Often people come to us and urge us to write about one subject or another.

The subject is an important one. The facts are accessible, verifiable, and perhaps not so well known.

The subject may also be interesting. In fact it may be fascinating and really draw reader interest. It may be something that people really want to read about, for one reason or another -- though it is not necessarily the case that all of them are good reasons.

Yet we may nonetheless turn down many offers to write about such a subject, because despite all these important qualities, we will only include the story if we can determine that writing about it will actually be useful, that it will have some to'eles.

Sometimes writing about neglected subjects can have great benefits. Sometimes it can do great harm.
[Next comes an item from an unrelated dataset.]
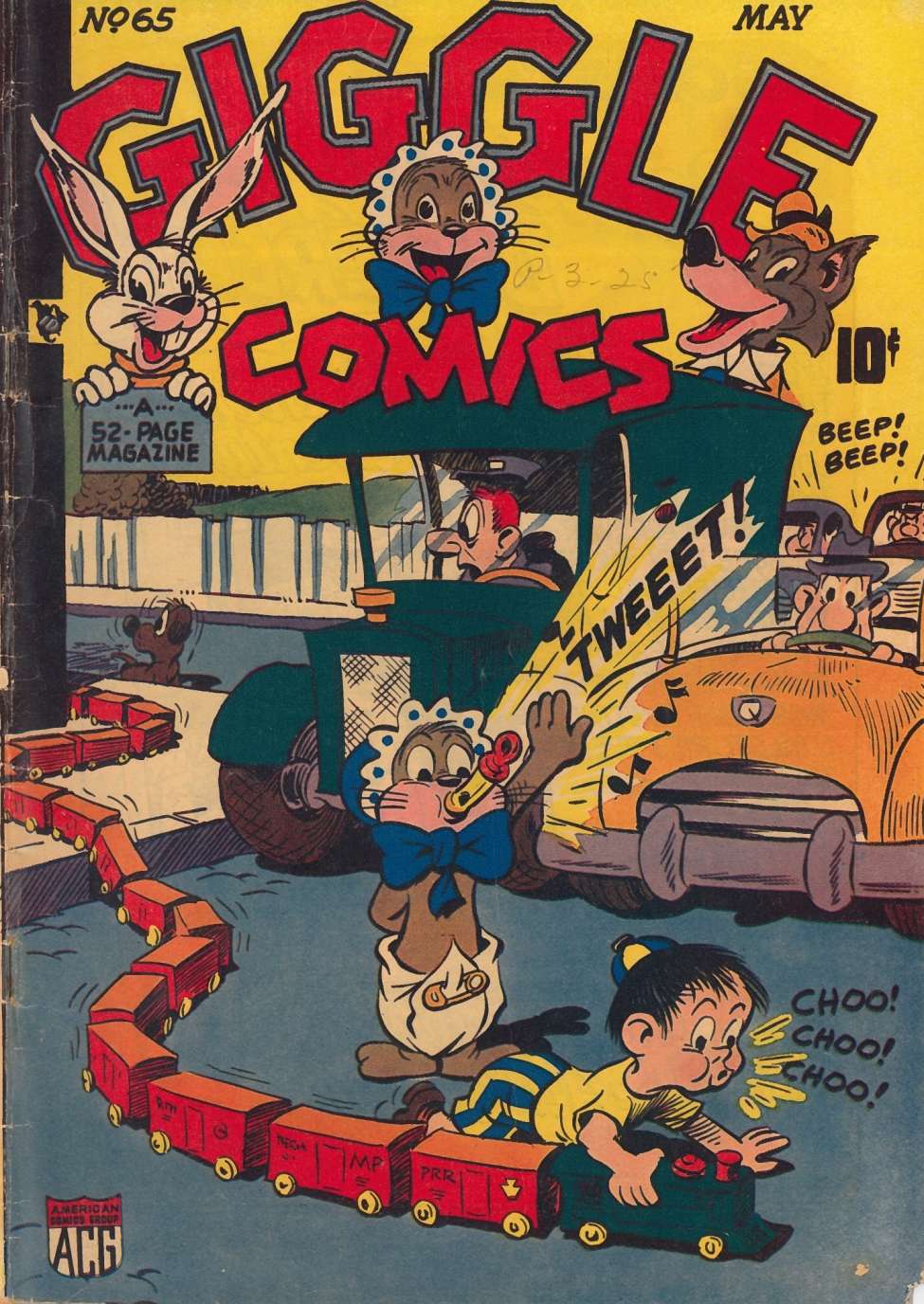 Comic Book Cover For Giggle Comics 65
Sometimes it can have no practical effect whatsoever.

A case in point -- which may be easy to understand because it is about a Jewish issue but not an issue that is internal to the chareidi community -- is the recent release of a major motion picture from Hollywood, so to speak, that is about the last day in the life of the founder of Christianity as reported in the Christian books, known as The Passion of C.

Although the production was just released to the general public about two weeks ago, it had been shown in private screenings for about a year. It is purported to be historically accurate, to the extent that all characters speak only in Aramaic, the language that was spoken at the time. Translation is given only in subtitles printed at the bottom of the screen. According to all the reports, it shows extremely brutal treatment of the founder of Christianity, and the Jews are presented as very unsympathetic and very unsavory characters who are clearly responsible for the brutality.

There is no doubt that such a film, made by a professional, master manipulator of people's feelings, will cause antisemitism -- and perhaps worse, Rachmono litzlan. If not in America then in Europe where passion plays have a destructive tradition of hundreds of years -- or in the Middle East where large numbers of Moslems have already embraced classical Christian antisemitic motifs and are a ready audience for such material. If not this year then next year, or the year after that, five, ten, fifty years down the line.

As soon as the first reports came out, Jewish pundits began writing about the film and the way it would arouse antisemitism. The producer denied that it was antisemitic in intent since, according to him, it just conveys what the Christian books contain. We cannot reproduce the full debate, and there is no need to.

This whole topic is certainly something that is important and interesting to all Jews. (Nonetheless, it goes without saying that Yated would not take part in the basic debate about such matters.) Yet the question is what was the point of spending six to eight months discussing the antisemitism of the film? Did anyone think that if Jewish journalists warned that a film would arouse antisemitism the movie would be withdrawn?

In fact, the tons of newsprint expended on the topic had virtually no effect in any way that was intended or hoped for by those who wrote about the antisemitism problems. If it had any effect at all, it was to raise the general interest in the film, and to entice Jews to see it who might have otherwise not have done so. There is little doubt that these were interesting and important discussions -- that would have better been left unpublished.

It is all the more evident because the most problematic aspect of the film was virtually ignored. It can be argued that the most damaging aspect of the show is its detailed depiction of brutal, bloody torture, without regard to the Christian context. The film is not an assault on Jews, but on one of our important values: that shefichas domim is inexcusable. Exposing millions to such a gripping experience of horrible violence, in a world in which mercy killing is already legal in "civilized" places and much of the world is not repulsed by suicide bombings of noncombatant children, will certainly be a profoundly destructive force on the social fabric of Western society.